Endurance Athletes and rhEPO

The use of rhEPO is reported by the athletic community to help increase oxygen carrying capacity of the blood, by building more red blood cells thereby improving athletic performance and reducing exercise fatigue.

This enables performance improvements in endurance type and other sports because of the extra oxygen carrying capacity. It is also believed that rhEPO and naturally produced EPO increases the metabolism and the healing process of muscles because the extra red cells carry more oxygen and nutrients, improving recovery ability.

Hardcore Bodybuilders Underground Use of EPO Boosting

Bodybuilders and other strength athletes using testosterone replacement drugs have long known the benefits of boosting EPO and red blood cells, as this is a secondary effect of this category of drugs.

Prior to the development of rhEPO, the popular anabolic steroid Anadrol was used to increase red blood cells. Anadrol has a reputation in bodybuilding for producing the best pumps and extreme vascularity. In addition to increasing muscle size and strength, noticeable improvements in workout endurance are reported to occur. To maximize these steroid induced EPO benefits, actual rhEPO use is suspected to be on the rise among bodybuilders and strength athletes.

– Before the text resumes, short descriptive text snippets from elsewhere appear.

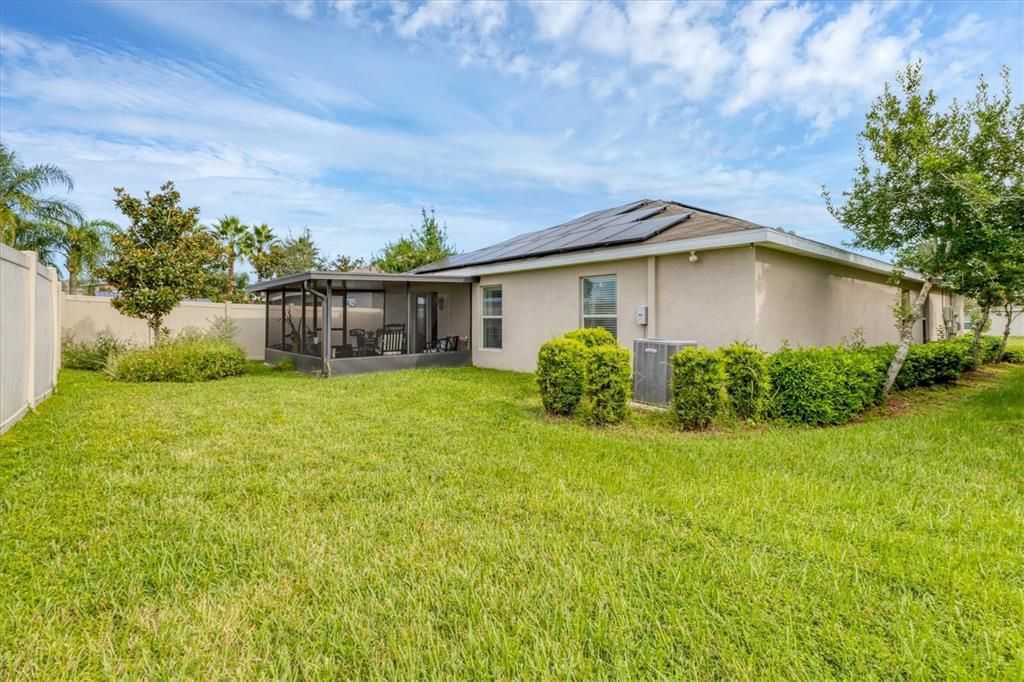 For Rent: $2,800 (4 beds, 2 baths, 2038 Square Feet)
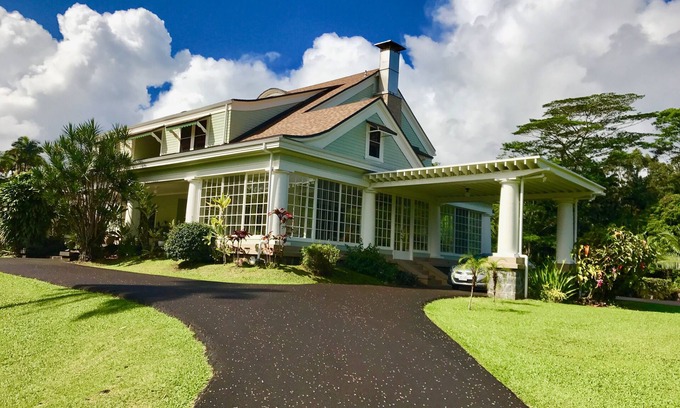 Hilo House | Grand Historic Hilo House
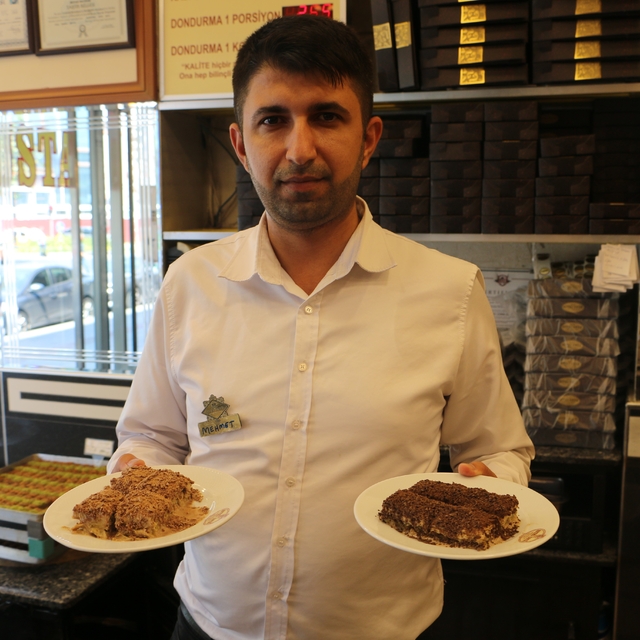 Diyarbakır'ın kavurucu sıcağında serinleten lezzet: Soğuk baklava, yaz ayla...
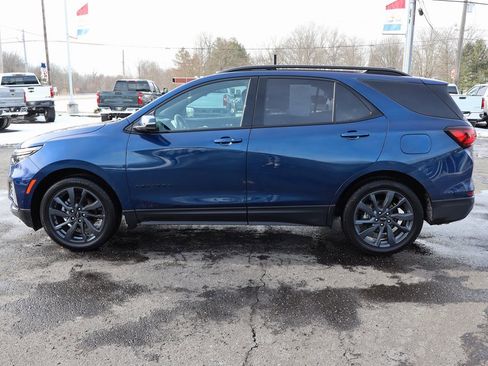 Used 2022 Chevrolet Equinox RS w/ Infotainment Package image 33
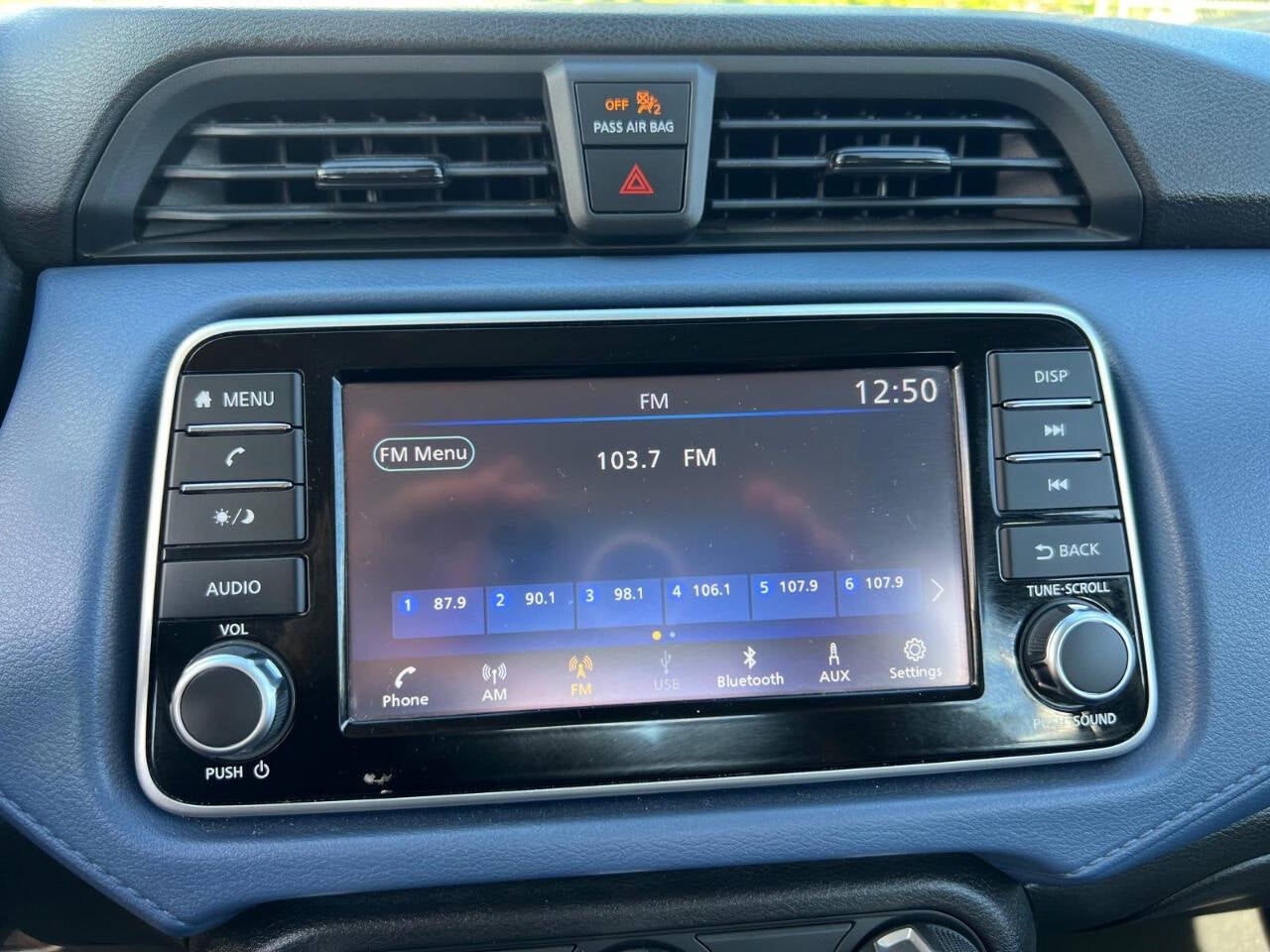 2025 Nissan Versa SV 4dr Sedan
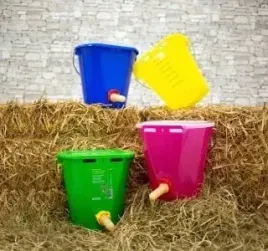 wiadro-do-pojenia-cielat-food-safe-ze-skala-8-l-transparentne-zolte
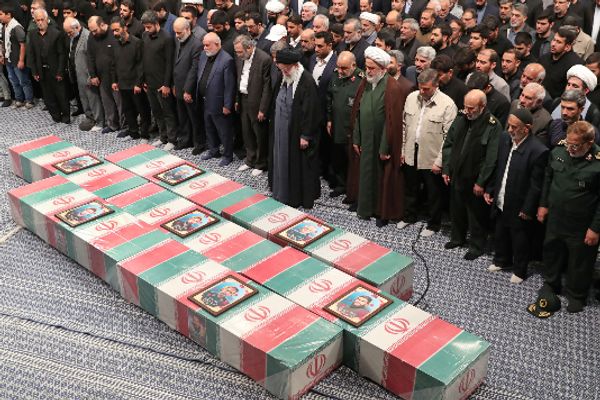 تحلیل نیوزویک از سخنان خامنهای: احتمال درگیری نظامی دوباره وجود دارد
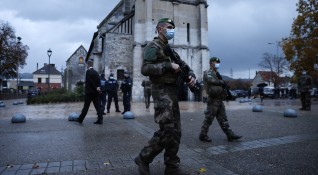 Френската полиция е арестувала още двама души след нападението в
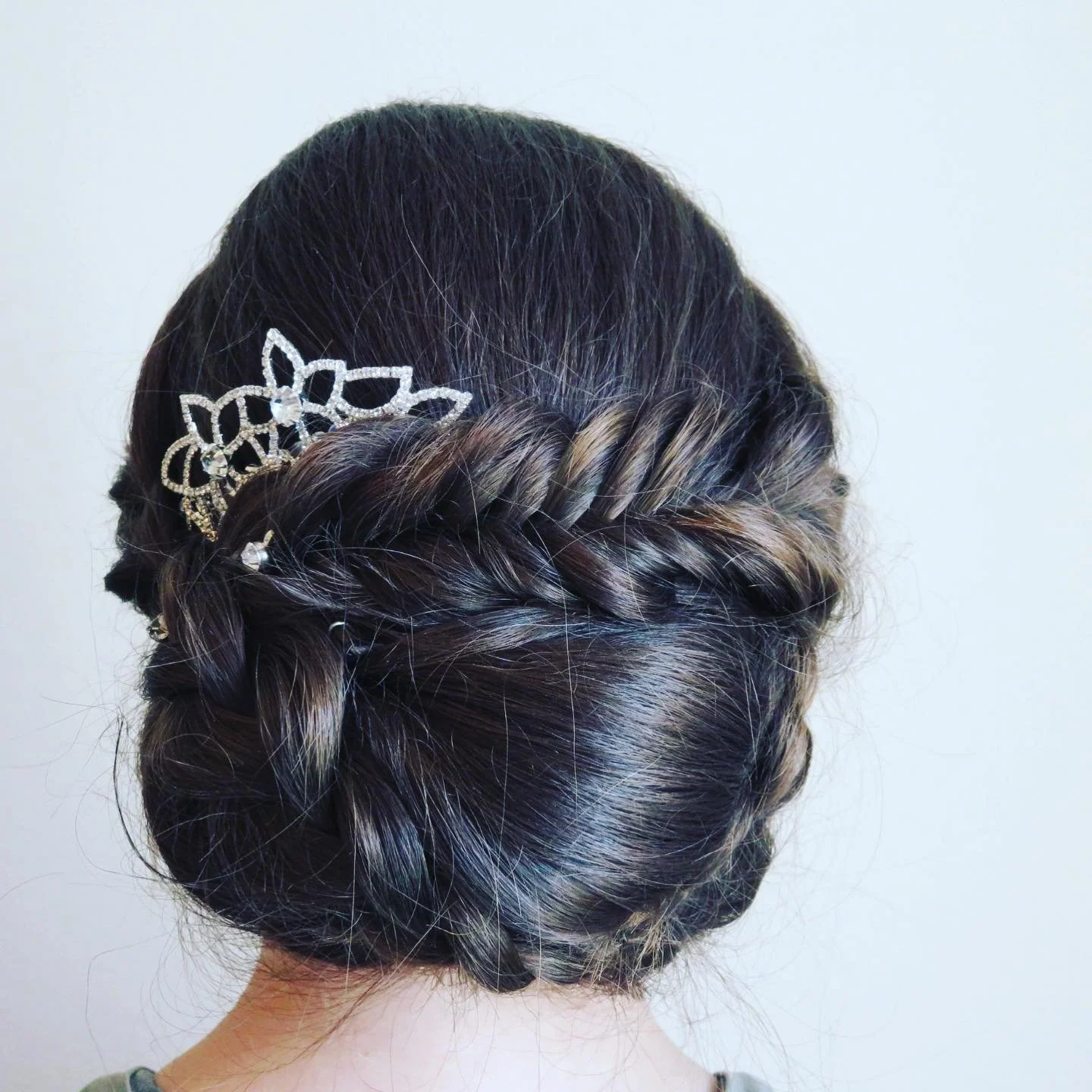 Sometimes adding a chunky braid is the icing on the cake 🍰 
#braid #bohohair #specialoccasion #beyondtheponytail #updo #hairinspo #hairofinstagram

Natural EPO Boosting Is The New Way To Go

The newest trend among rhEPO using athletes is to use legal specialized sports nutrition supplements designed to naturally boost their production of EPO. In taking the sports supplement route to boost their body's ability to maximize EPO, red cell building and oxygen uptake, this avoids taking illegal performance enhancing drug products.

Red Blood Cell (Erythrocytes) Building

Red blood cells, also known as erythrocytes or red corpuscles, primarily function in the transport of oxygen and carbon dioxide in the body. The red blood cells are specialized types of cells that are loaded with a substance called hemoglobin. Naturally produced EPO in the body stimulates the production of red blood cells from stem cells that originate in bone marrow.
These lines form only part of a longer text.